LISTED ENTRIES -
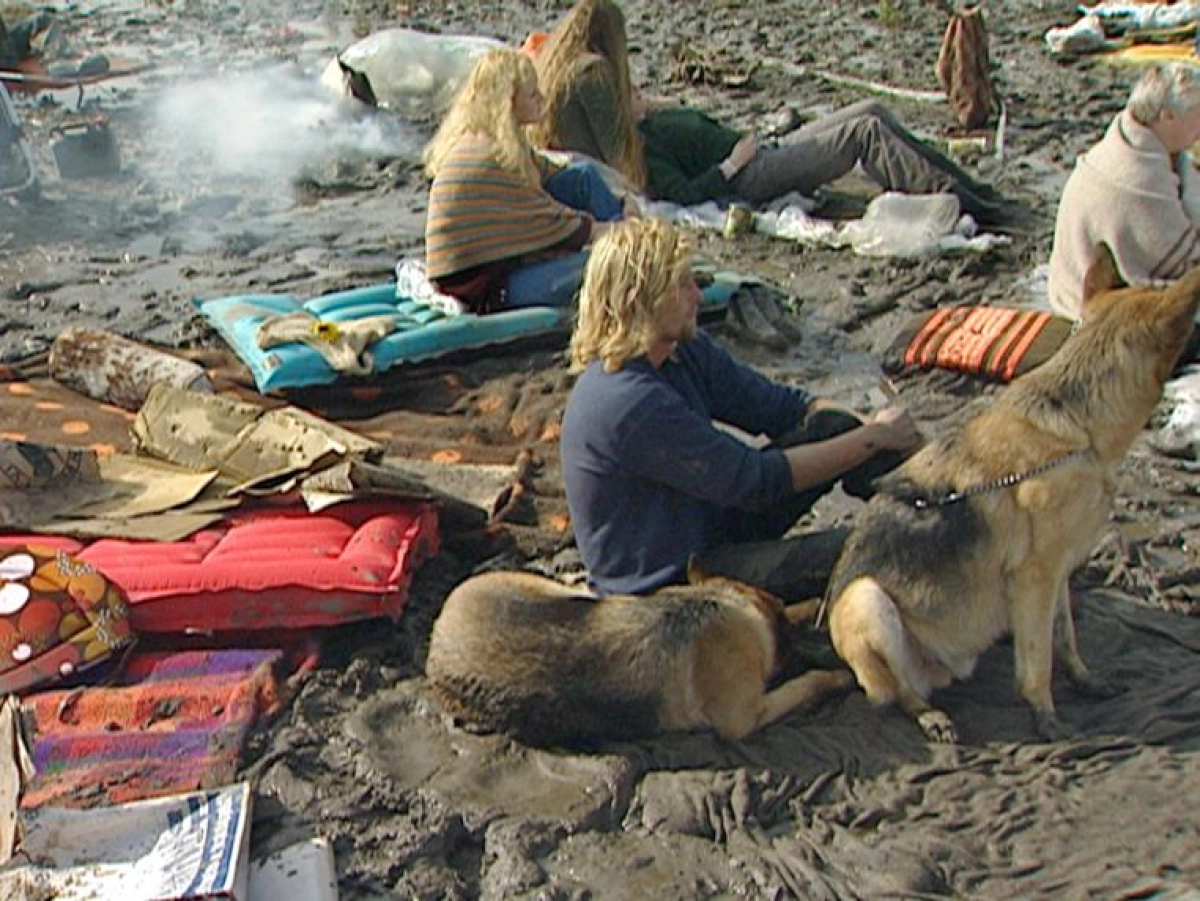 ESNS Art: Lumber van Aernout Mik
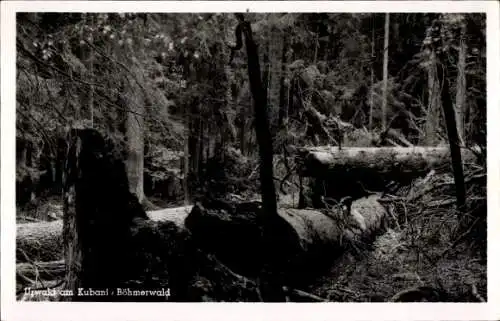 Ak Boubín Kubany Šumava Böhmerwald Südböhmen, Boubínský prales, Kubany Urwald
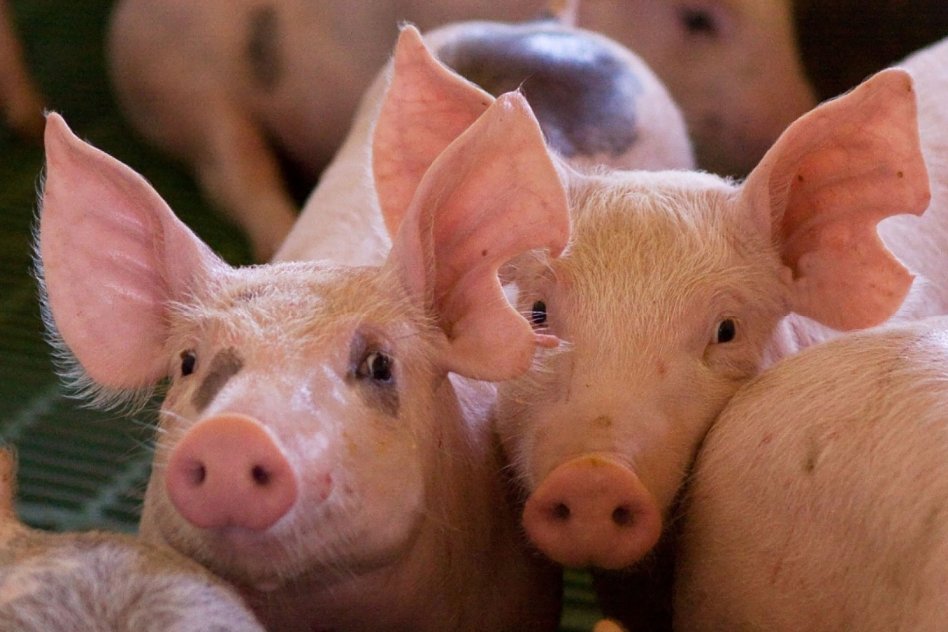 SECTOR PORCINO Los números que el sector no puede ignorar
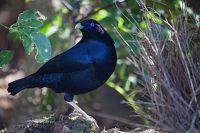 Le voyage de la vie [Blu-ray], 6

---

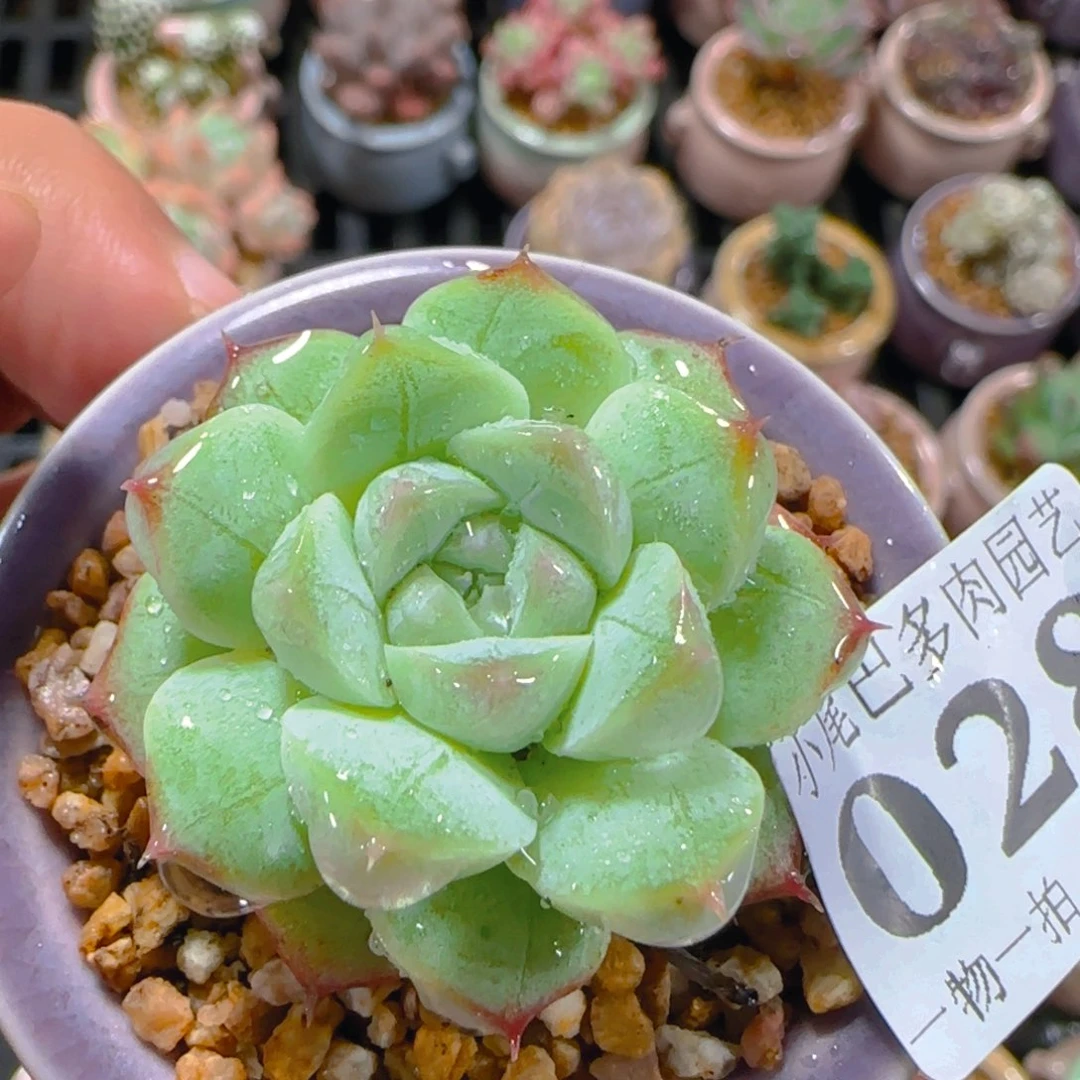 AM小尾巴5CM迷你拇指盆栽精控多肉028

PROBLEM DETAILS - All pictures are to be skipped. Output, word for word, the lines in the data above starting at the line containing "ESNS Art: Lumber van Aernout Mik" and ending at the line containing "Le voyage de la vie [Blu-ray], 6".

EXERCISE RESULT -
 ESNS Art: Lumber van Aernout Mik
 Ak Boubín Kubany Šumava Böhmerwald Südböhmen, Boubínský prales, Kubany Urwald
 SECTOR PORCINO Los números que el sector no puede ignorar
 Le voyage de la vie [Blu-ray], 6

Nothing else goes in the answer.